03.16.17

Dutch Translation for Tourists

If you’re ever on holiday in the Netherlands, you’re in luck. English is spoken almost everywhere, and as a general rule it’s spoken very well. Even so, as a polite guest, you might want to know a little about the Dutch language and Dutch translation.

Before we delve into all of that, we should get the name of this very flat country straight. The Netherlands is also known as Holland, and the dominant language in this land of windmills and reclaimed earth is Dutch. Some people get confused by all of the different names. And just to be clear, there is no place call “Dutch Land,” although Germans (a country neighboring Holland) refer to their own country “Deutschland.”

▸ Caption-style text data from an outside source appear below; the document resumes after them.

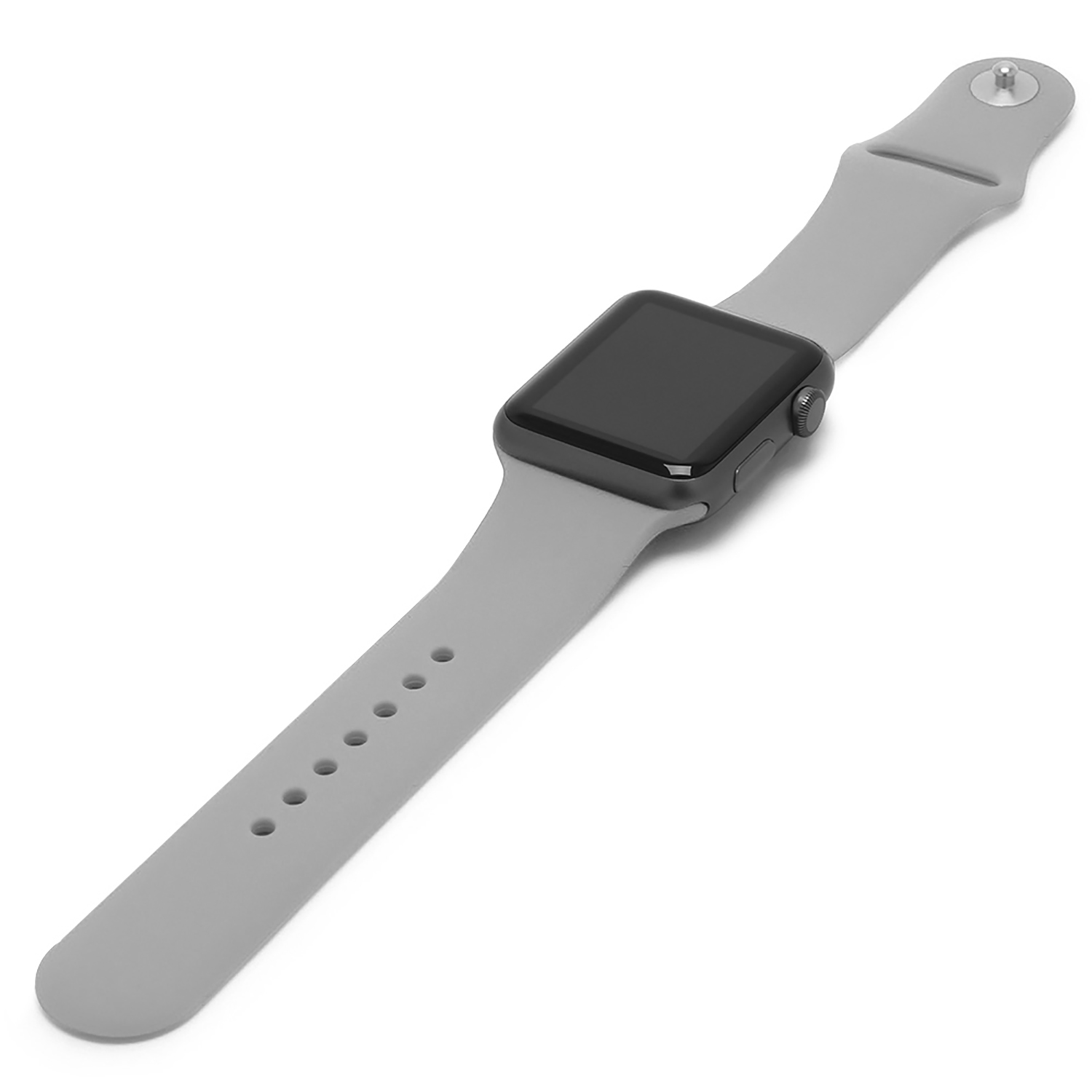 Un Apple Watch grigio con cinturino grigio, schermo nero e un pulsante laterale. Sfondo bianco.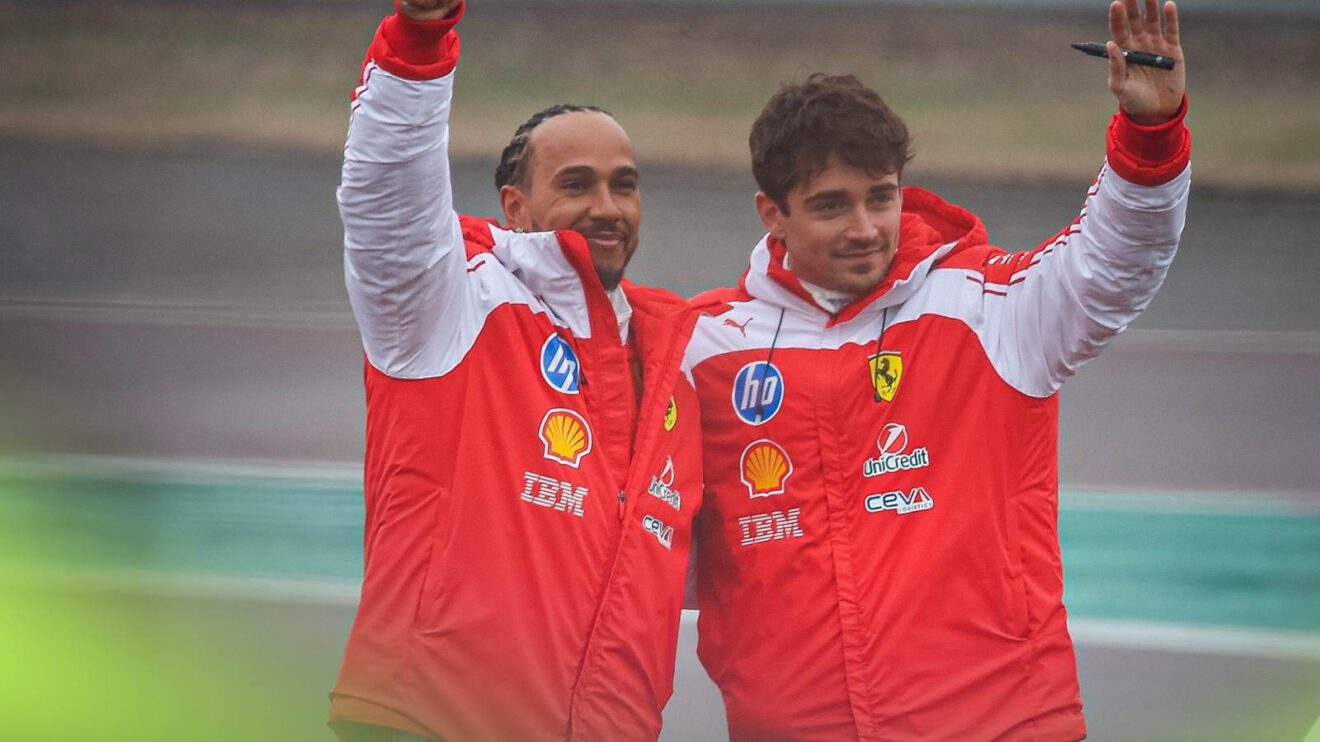 Lewis Hamilton and Charles Leclerc at Fiorano.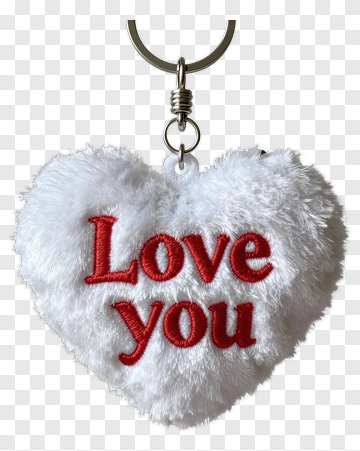 Heart Keychain With Love You Embroidery PNG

Dutch is a Germanic language spoken in the Netherlands, in the Caribbean islands of Aruba, Curaçao, and Sint Maarten, as well as in many parts of Belgium, and some places in Suriname and Indonesia. Dutch, German and English are all “cousin” languages. If you listen to a native Dutch speaker conversing, you might recognize certain linguistic patterns and cadences, even if you don’t understand the actual words.

If you’re a tourists struggling with Dutch translation, you can always fall back on your English. The Dutch (also the name of the people) have made their way in this world largely through commerce, which means they have to be proficient in many tongues. Dutch, unfortunately for people living in Holland, isn’t a global trading language.

Here are a few words and phrases to get your started with some basic Dutch:

Ja – Yes

Nee – No

Hoi – Hi

Dag – Goodbye

Tot ziens – See you later

Goedemorgen – Good morning

Goedemiddag – Good afternoon

Spreek je Engels? – Do you speak English?

Ik spreek geen Nederlands – I don’t speak Dutch

Ik versta het niet – I don’t understand

Een prettige dag – Have a nice day

Geen problem – No problem

Alsjeblieft – Please

Dank je – Thank you

Dank u wel – Thank you very much

Now that you know a few simple Dutch words, you might want to think about trekking through the Netherlands and practice what you’ve learned.